There’s a good possibility that when someone hears these words spoken by an orthopedic surgeon, this would bring a smile to their face. After all, perhaps the surgeon is about to suggest another solution to pain they have been experiencing. Don’t get me wrong. He did. But his suggestion was to go back to my pain specialist and try some different techniques. “They have all sorts of procedures they can perform to help you with the pain!”, he exclaimed loudly as he told me a story of another patient of his who went to the same pain specialist that I’m seeing and had great success.
What I told the surgeon though was that I had already tried everything the pain specialist had to offer, which I thought he already knew given that I was being referred by a pain specialist who saw the MRI of my back and determined their wasn’t much else he could do for me. He then went on to show me my messed up spine on both the MRI, and the X-Ray he took while I was in his office. I’ve seen these pictures hundreds of times in my lifetime, and every time I look I feel deformed, and ugly, and things just look worse that they did before, and that’s because they are worse.
“I can see why you are in pain.”, he said. He pointed out the “inflamation”, the “degeneration”, the pinched nerves, the arthritis, and how the scoliosis was only complicating matters.
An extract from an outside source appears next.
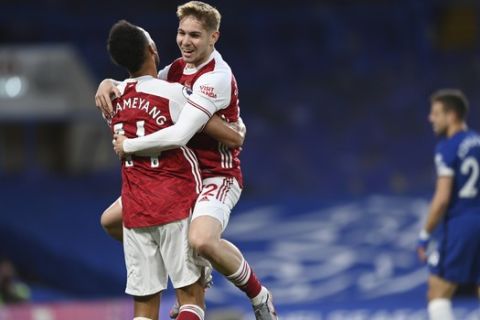 Arsenal's Emile Smith Rowe, right, celebrates with his teammate Pierre-Emerick Aubameyang after scoring his side's opening goal during the English Premier League soccer match between Chelsea and Arsenal at Stamford Bridge stadium in London, England, Wednesday, May 12, 2021. (Shaun Botterill, Pool via AP)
He pointed out that the top of my back was bent forward and that he was afraid if he operated on the bottom of my back I would be hunched over even more than I am now. He lectured about how correcting the problems I had in my lower back would not fix the pain I’m experiencing because the pain I’m experiencing is in my lower back. This caught me off guard, but he explained that fixing the lower back helps leg pain, not lower back pain. I still don’t completely understand, but I’m not an orthopedic surgeon, so I guess I have to trust him.
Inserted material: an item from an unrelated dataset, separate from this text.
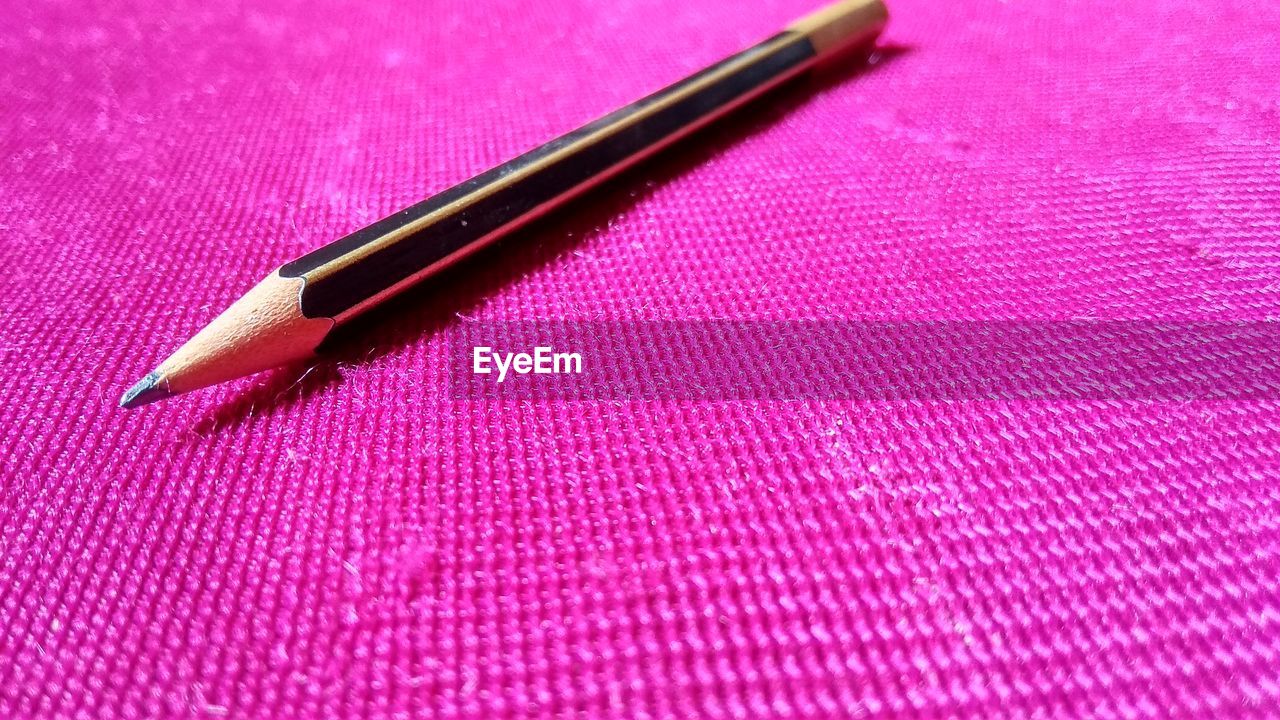 HIGH ANGLE VIEW OF COLORED PENCILS ON PINK PEN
I then said to him, “So you are confirming that I’m feeling pain. I already know that. Is their nothing you can do for me?” He told me the odds of surgery fixing my problem were too small to risk causing more problems and just distributing the pain to another location. I understood this. I was just frustrated. I told him about the pain medication I was on and explained that I didn’t want to have to take it for the rest of my life. I had already asked the pain specialist about other things I could do, and I’ve already tried those other things. Exercises, Chiropractic, physical therapy, massage. About the only thing I haven’t tried is Accupuncture. The pain specialist said none of this would help me. Not with everything that is broken in my back.
The thing is though, this surgeon was just one man. He gave me the phone number for another surgeon who works in my area, and also at John’s Hopkins hospital. I’ve already contacted John’s Hopkins on my own and I’m waiting to hear back from them. I’m not giving up on this until I’ve exhausted all possibilities.
Today, disappointing news is not devastating news because today I am a much more balanced person emotionally than I used to be. I am deformed, but I’m not a freak, and in fact I’m a pretty darn good looking guy. My deformity is hardly noticable until you’ve been staring at me for a long time, and some people have told me they don’t notice it at all. I’m just a person in pain. Long term treatment with pain medication is not an option for me, and I’m not going to accept that as the solution. I hate having to take it! I hate the stigma associated with it! I hate the side effects of it, and if you are wondering what I’m talking about, I hate having to take a ton of extra fiber supplements so that I can poop! I hope that didn’t gross anyone out, but really I don’t care.
The ending to this chapter of the story goes like this. This is not over until I say it’s over. I don’t see any fat women around, just one slighly chubby man, so I’m going to keep trudging forward.